Day Traders Take Control of Japanese Stock Market Using 300% Leverage; What Can Possibly Go Wrong?
High-Frequency-Trading (HFT) Algorithmic Programs dominate the equity markets in the US with as much as 80% of the volume in some markets.
Day Trading With 300% Leverage
It’s different in Japan. In what seems like a flashback to dot-com trading in the US in 1999, Abenomics Spurs Day Traders as Japan Stock Volatility Hits 2-Year High.
Sitting before a cluster of computer screens in an apartment with the drapes shut, it took Naoki Murakami seconds to make $3,500 betting $1 million that Tokyo Electric Power Co. (9501) shares would fall a fraction of a percent.
Day trading helps explain why Japanese individuals now account for more than 40 percent of the nation’s equity volume, or about as much as the overseas institutions that once were the biggest traders. They’ve also helped make Japan the most volatile developed market.
Dramatic price movements aren’t the only thing that’s made Japan a day trader’s paradise. Deregulation of margin trading opened the flood gates, Murakami said. After rules were relaxed in January, investors can borrow three times as much as their brokerage account balances and turn loans over the instant they exit a trading position.
“Now you can borrow endlessly,” Murakami said.
Pointing at price charts on his screens, the trader explained how each day he borrows millions of shares of fast-moving stocks like GungHo Online Entertainment Inc. (3765) and Fast Retailing Co. (9983), the most-heavily weighted company on the Nikkei 225, and sells them short.
One of Murakami’s friends, who goes by the blog name Tesuta, said looser rules let him leverage $4.5 million in cash into as much as $67 million in daily stock bets. He held up a hand-written ledger and showed his account balance at SBI Holdings Inc. as proof. He asked that his name not be cited for privacy reasons.
The number of shares traded by individuals rose to a record in May, some 43 percent of Japan’s total equity volume, up from 27 percent before the rally started in November, according to the Tokyo Stock Exchange.
On an average day, the group of seven day traders to which Murakami and Tesuta belong buy and sell somewhere between $80 million to $100 million in Japanese stocks, according to estimates from the members.
Tesuta has tripled his fortune to $4.5 million this year, he said in an interview at a Chinese restaurant in Osaka.
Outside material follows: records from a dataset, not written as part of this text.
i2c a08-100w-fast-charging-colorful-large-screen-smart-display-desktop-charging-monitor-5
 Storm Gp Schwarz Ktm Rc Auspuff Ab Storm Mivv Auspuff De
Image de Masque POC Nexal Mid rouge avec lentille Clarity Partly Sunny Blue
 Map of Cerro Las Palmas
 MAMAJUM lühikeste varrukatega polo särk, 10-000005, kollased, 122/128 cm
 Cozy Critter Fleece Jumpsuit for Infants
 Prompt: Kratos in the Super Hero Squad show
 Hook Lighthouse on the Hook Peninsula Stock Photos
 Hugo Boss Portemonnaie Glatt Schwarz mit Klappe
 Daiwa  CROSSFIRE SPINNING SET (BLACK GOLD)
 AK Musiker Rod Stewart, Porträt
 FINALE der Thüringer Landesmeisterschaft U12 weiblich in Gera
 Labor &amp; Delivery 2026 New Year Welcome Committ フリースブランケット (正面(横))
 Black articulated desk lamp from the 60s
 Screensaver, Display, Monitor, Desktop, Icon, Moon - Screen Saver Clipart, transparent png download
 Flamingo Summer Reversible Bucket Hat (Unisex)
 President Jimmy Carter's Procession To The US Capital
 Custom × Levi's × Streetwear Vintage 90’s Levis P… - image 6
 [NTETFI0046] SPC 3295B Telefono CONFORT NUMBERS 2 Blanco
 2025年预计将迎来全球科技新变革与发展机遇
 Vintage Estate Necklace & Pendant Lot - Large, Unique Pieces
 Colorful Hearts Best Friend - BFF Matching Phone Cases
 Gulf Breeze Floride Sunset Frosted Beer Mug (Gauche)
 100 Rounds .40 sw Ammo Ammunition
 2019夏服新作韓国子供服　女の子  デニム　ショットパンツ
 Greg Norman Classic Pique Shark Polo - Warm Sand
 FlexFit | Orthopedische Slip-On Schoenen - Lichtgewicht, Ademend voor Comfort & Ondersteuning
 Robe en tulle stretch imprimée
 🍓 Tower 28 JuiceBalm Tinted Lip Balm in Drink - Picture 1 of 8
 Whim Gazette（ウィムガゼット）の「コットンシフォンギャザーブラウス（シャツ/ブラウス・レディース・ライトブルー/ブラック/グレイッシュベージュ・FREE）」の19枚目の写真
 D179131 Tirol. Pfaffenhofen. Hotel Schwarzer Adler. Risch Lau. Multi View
Making 200 to 300 trades each day and cutting losses quickly to minimize the cost of bad bets, the 33-year-old said he’s managed to profit even amid the market’s recent decline by trading stocks like Tokyo Electric.
Battered by the meltdowns at Fukushima, the utility has become a favorite of speculators, moving more than 7 percent on an average day this year and accounting for about one in every 10 shares changing hands on the Nikkei 225 last month.
What Can Possibly Go Wrong?
With speculators borrowing millions to day trade on 300% leverage utilizing an “endless” supply of margin, and some utility stocks swing 7% every day … inquiring minds may be asking “what can possibly go wrong with that?”
Actually, the resurgence of leveraged day trading (along with wicked gyrations in the bond markets) is a huge warning sign that something already has seriously gone wrong.
Every ramification of the upcoming blowup of Abenomics cannot be predicted in advance, but the consequences are 100% guaranteed to be severe.
Right now, Japanese prime minister Shinzō Abe is considered a hero for his Abenomics program. When the dust finally settles, Abenomics is more likely to be considered in the same vein as John Law’s Mississippi Bubble than Abe will be considered any kind of hero.